Contatado pela equipe do Diário, o Senai informou que a escolha da grade curricular, da carga horária, da duração dos programas e de como serão agrupados os trabalhadores em lay-off que vão receber as aulas fica a critério da montadora, sem ingerência da instituição de ensino.

REGRAS – A legislação do lay-off é recente. Resolução do MTE (Ministério do Trabalho e Emprego), publicada em 2009, estabeleceu as regras para o pagamento de bolsa de qualificação profissional prevista para os suspensos, que foi instituída por medida provisória de 2001. Esse dinheiro, conforme o acordo coletivo, pode corresponder ao salário líquido, em que a empresa paga ajuda compensatória, sem natureza salarial e, por isso, fica livre de encargos sociais, enquanto o MTE, no prazo inicial de até cinco meses, complementa com recurso equivalente ao teto do seguro-desemprego, de R$ 1.385,91, com verba do FAT (Fundo de Amparo ao Trabalhador). Se houver prorrogação da suspensão, o montante é pago integralmente pelo empregador.

Outra exigência desse acordo é que o trabalhador suspenso recebe a bolsa desde que comprove, pelo menos, 75% de frequência às aulas, as quais, de acordo com a norma, têm de assegurar qualidade pedagógica e estarem relacionadas às atividades da empresa – 85% das ações formativas deverão ser cursos ou laboratórios e, o restante, 15%, seminários ou oficinas.

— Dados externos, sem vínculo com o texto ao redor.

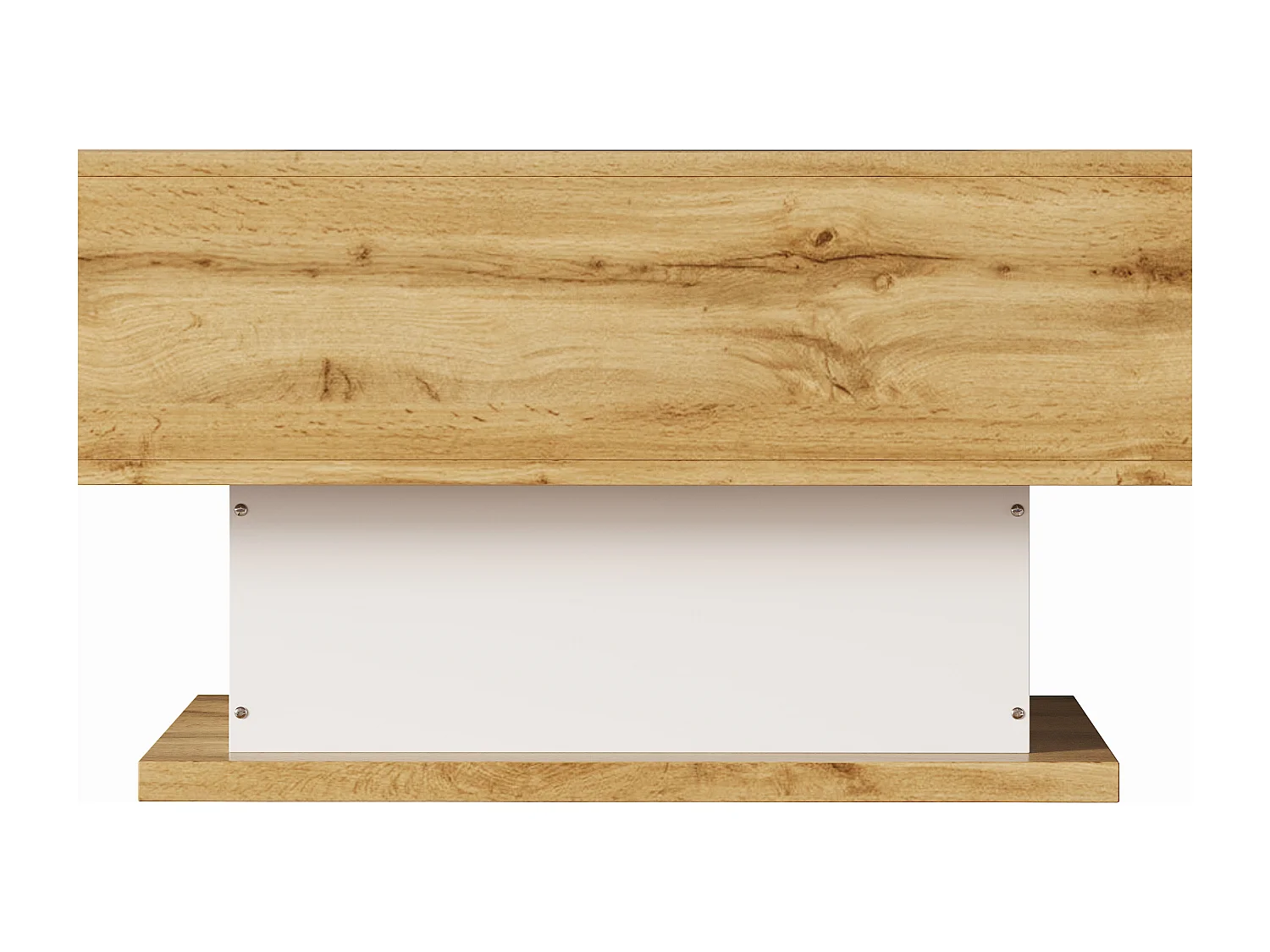 Tavolino con LED - MDF - 2 cassetti - Naturale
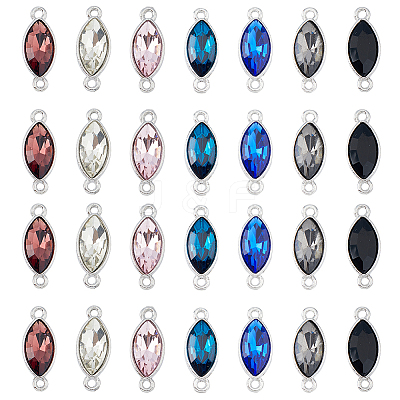 28Pcs 7 Colors Alloy Glass Connector Charms FIND-HY0001-87-1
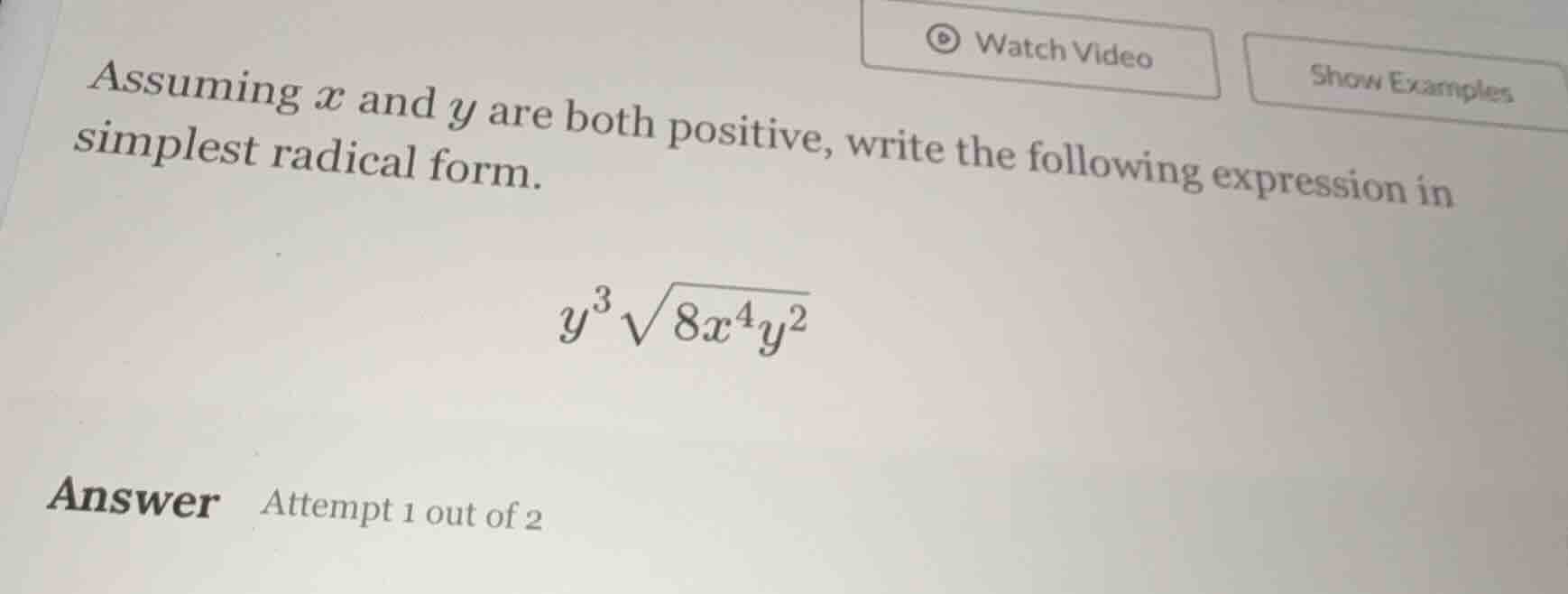 assuming x and y are both positive, write the following expression in s…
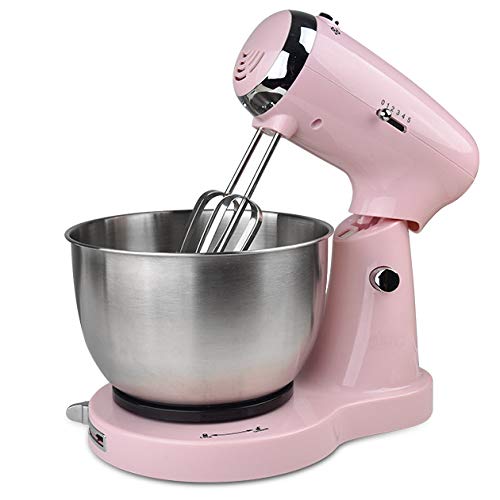 POOPFIY Batidora de pie 3.2L 1500W 6 Velocidad Alimentos Mezcladores batidora de Cocina Mezclador eléctrico con Acero Inoxidable del Recipiente de Mezcla/el Gancho amasador/Batir/batidor,Rosado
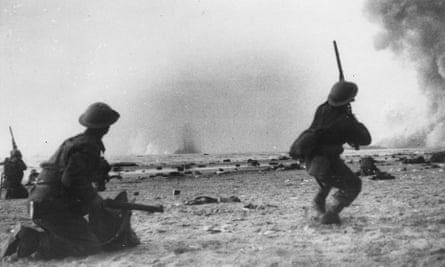 British soldiers fight a rearguard action during the evacuation at Dunkirk.
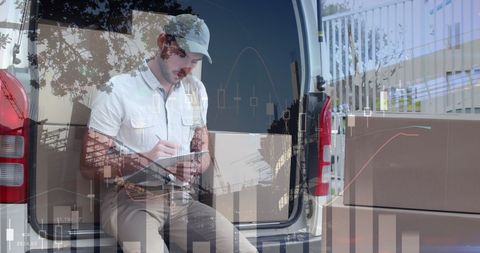 Courier Reviewing Deliveries with Financial Data Overlay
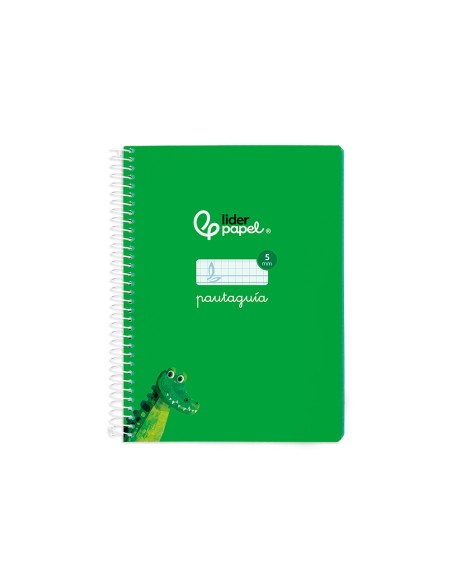 Cuaderno espiral liderpapel a5 pautaguia tapa blanda 40h 75grcuadro pautado 5mm color verde
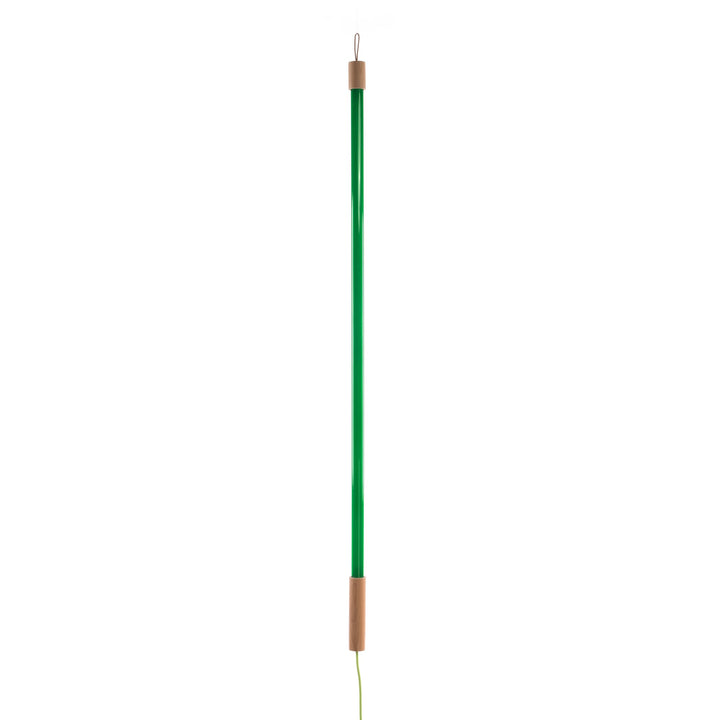 Seletti Linea LED Green, slim green LED tube with a wood end cap, unlit on white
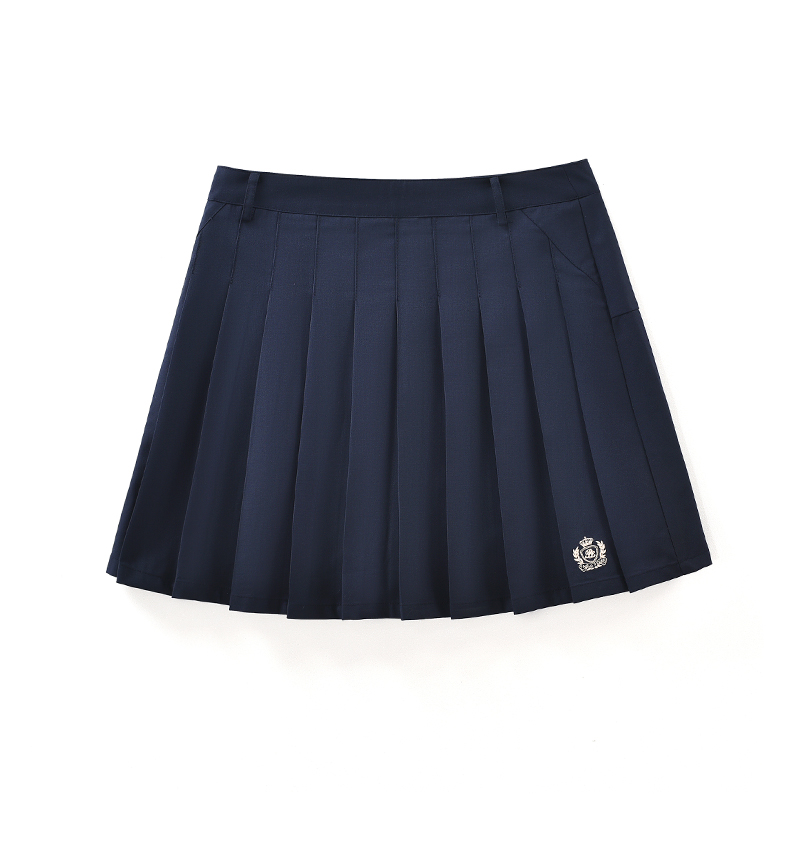 プリーツスカート 紋章入り上質プリーツミニスカート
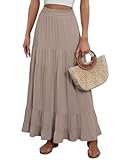 Womens Maxi Skirt Elastic High Waist Swing Tiered A-line Flowy Pleated Boho Beach Vacation Long Skirts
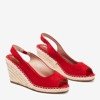 Жіночі червоні босоніжки на танкетці Lacasia - Взуття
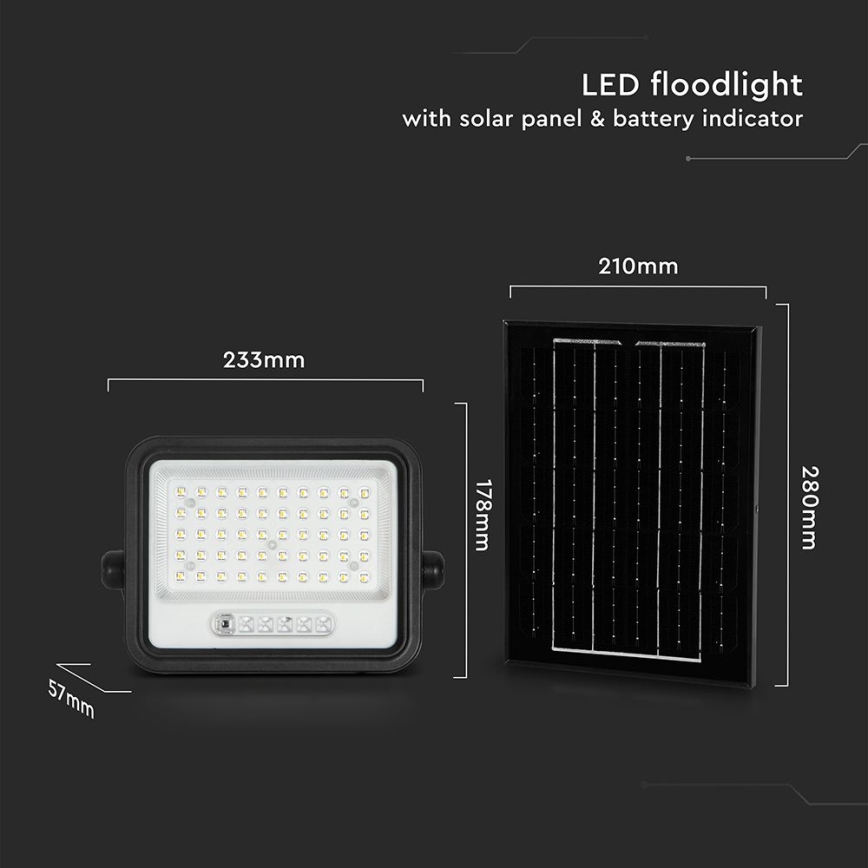 LED Dimmelhető napelemes reflektor LED/100W/3,2V 2000-8000K IP65 5000 mAh fekete + távirányító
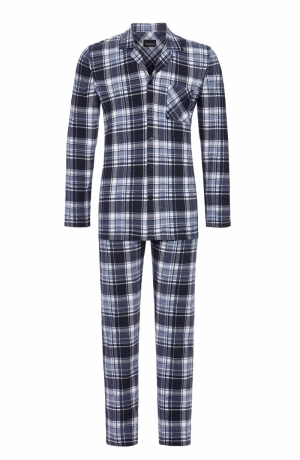 Pyjama geruit in interlock STAALBLAUW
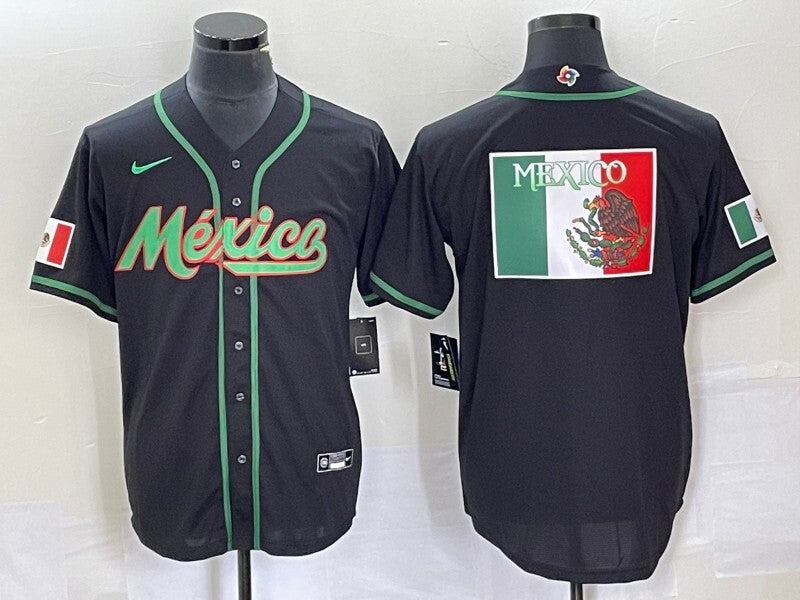 Mexico World Cup Style 1 Baseball Jersey baseball jersey product view 1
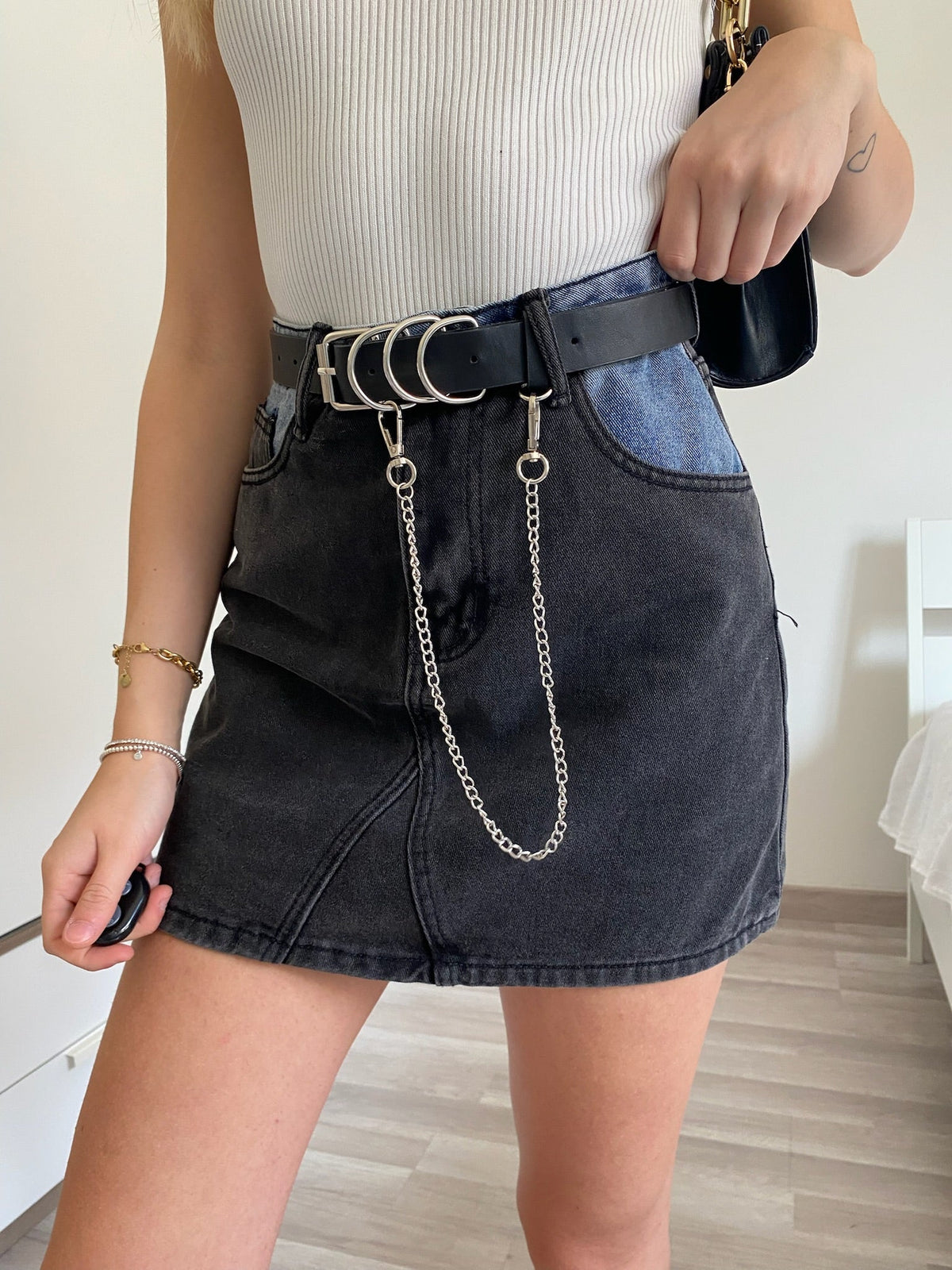 Gonna di Jeans compresa cintura Black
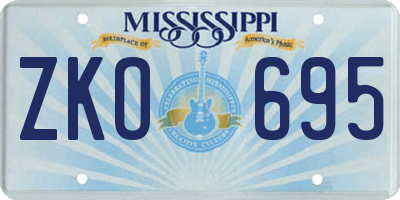 MS license plate ZKO695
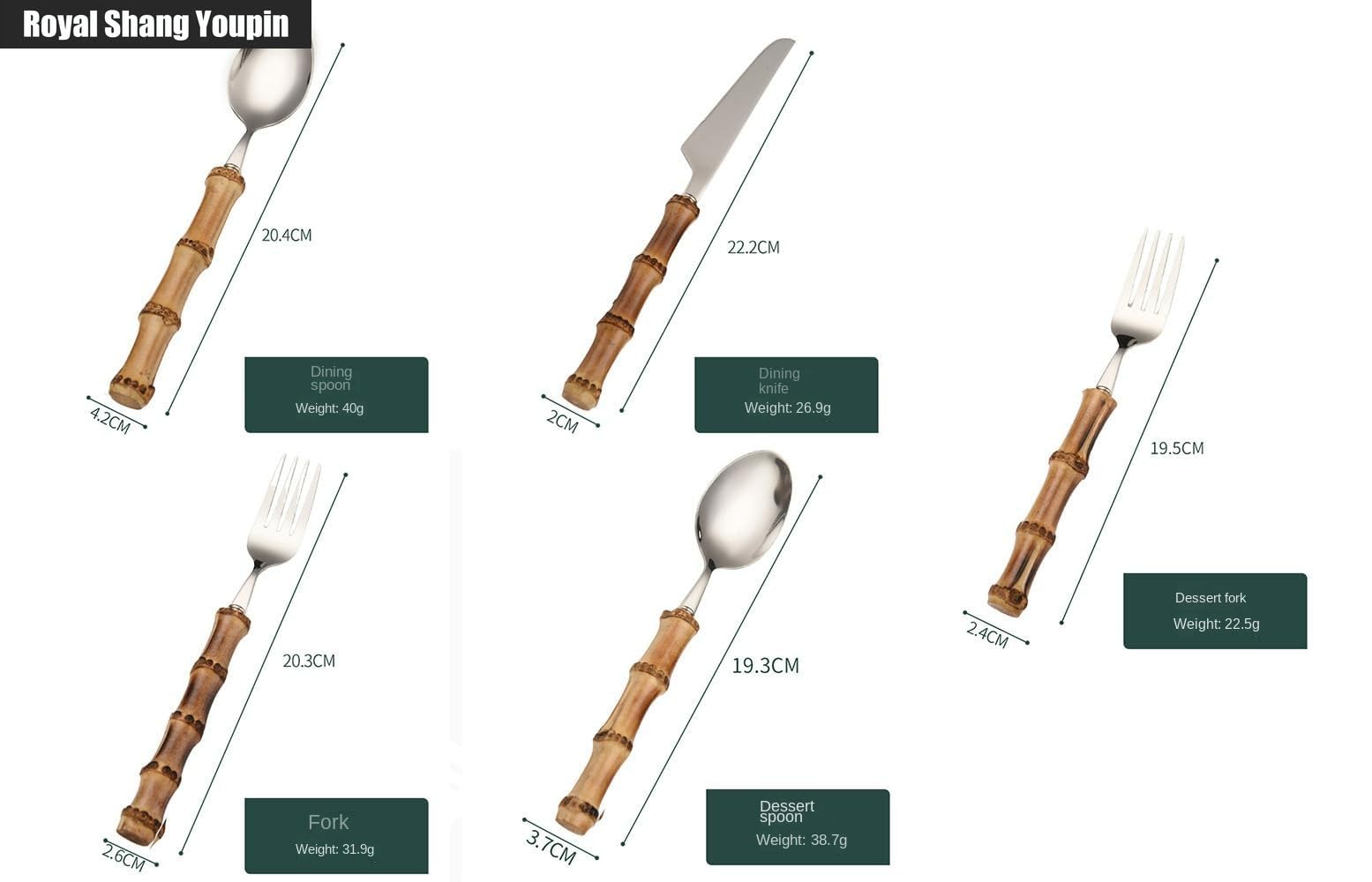 Destacados Mango De Bambú Genuino Cocina Cubiertos De Acero Inoxidable Vajilla Cubiertos Cubiertos Cuchillos Tenedores Cucharas Juego Cuchillo (Plata,20 piezas)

Há relatos de pessoas que deixaram de receber o valor mensal pelo fato de terem excedido as faltas.

INADEQUADO – Representantes do setor industrial da região veem com preocupação as críticas sobre a qualificação no período de suspensão. “Essas pessoas têm famílias, têm despesas, não têm tempo a perder, precisam procurar se aprimorar”, afirma o diretor titular do Ciesp (Centro das Indústrias do Estado de São Paulo) de Diadema, Donizete Duarte da Silva.

Para o dirigente, é natural que trabalhadores que já têm longos anos de casa em montadora fiquem frustrados ao terem de fazer cursos como o de auxiliar de produção, pois já receberam, ao atuarem nessas grandes empresas, formação, inclusive, de sistemas de gestão. “Quando se fala de uma pequena empresa isso não é necessariamente verdade, mas oferecer aulas introdutórias para quem já tem de cinco a dez anos nesse meio em montadora, ele vai ficar decepcionado, é uma capacitação inadequada”, diz.

A Mercedes-Benz tem 715 profissionais afastados até o dia 27 e, na sexta-feira, anunciou a demissão de 500 deles, com a possibilidade de adesão ao PDV (Programa de Demissão Voluntária). Hoje, o Sindicato dos Metalúrgicos do ABC faz assembleia com os trabalhadores para definir encaminhamento de greve contra os cortes. A GM prorrogou por mais três meses o lay-off de 819 funcionários que deveriam retornar ao trabalho no dia 10.